Aim of the exercise:
From the entries that follow, reproduce exactly and only the lines from the line with "起居厅|农村建房不再流行欧式了,现在现代风才是潮流,喜欢收藏不后悔" to the line with "Southern Spore Mushroom Book Sticker", endpoints included.

Input for this task:
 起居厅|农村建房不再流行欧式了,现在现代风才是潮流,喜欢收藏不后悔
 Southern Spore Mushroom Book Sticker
--
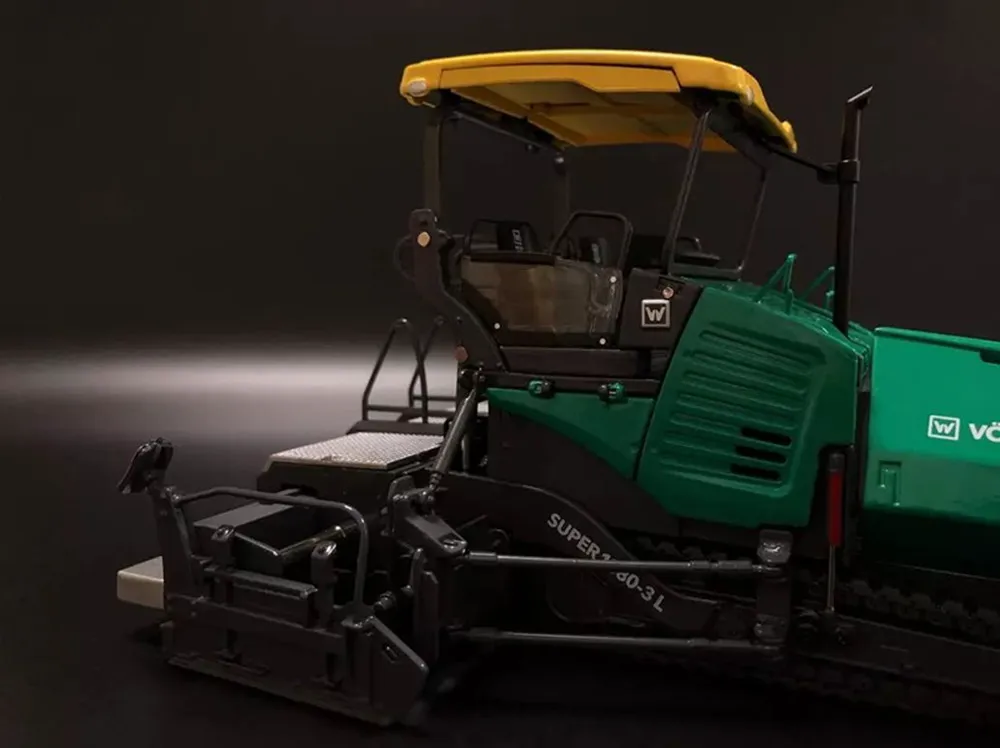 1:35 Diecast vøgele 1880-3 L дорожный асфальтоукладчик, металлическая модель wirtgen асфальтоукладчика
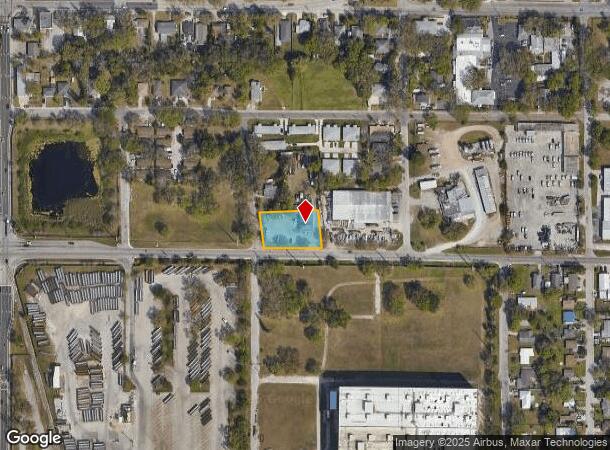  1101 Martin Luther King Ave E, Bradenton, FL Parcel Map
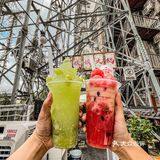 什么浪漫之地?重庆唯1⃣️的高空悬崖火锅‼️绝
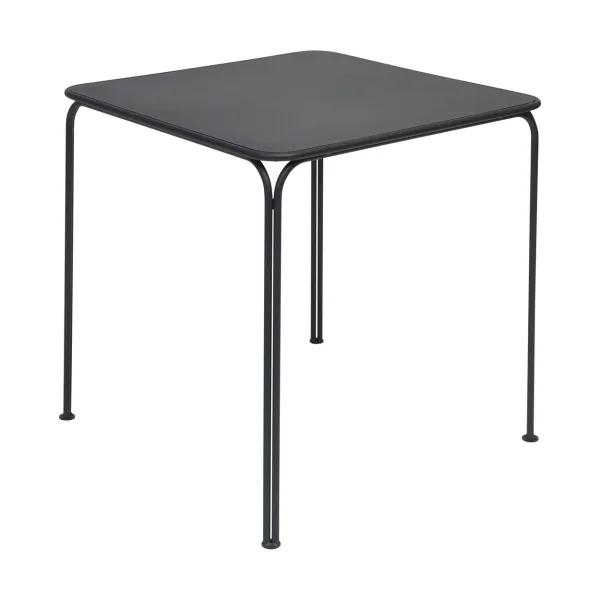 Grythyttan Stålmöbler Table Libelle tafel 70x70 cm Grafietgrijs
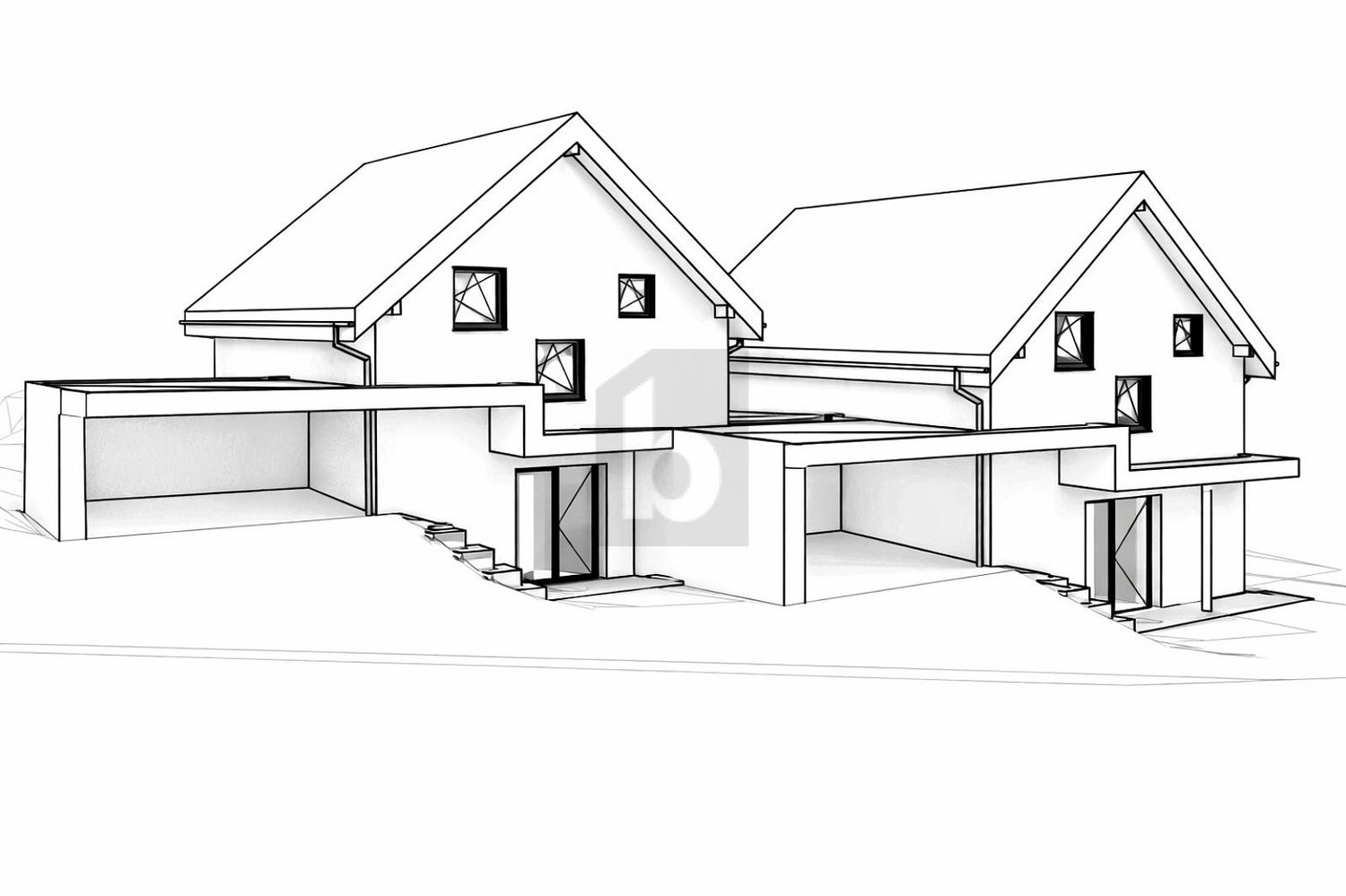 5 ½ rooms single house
...
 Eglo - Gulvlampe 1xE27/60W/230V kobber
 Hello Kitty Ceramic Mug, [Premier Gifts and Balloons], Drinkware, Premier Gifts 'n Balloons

Exercise solution:
 起居厅|农村建房不再流行欧式了,现在现代风才是潮流,喜欢收藏不后悔
 Southern Spore Mushroom Book Sticker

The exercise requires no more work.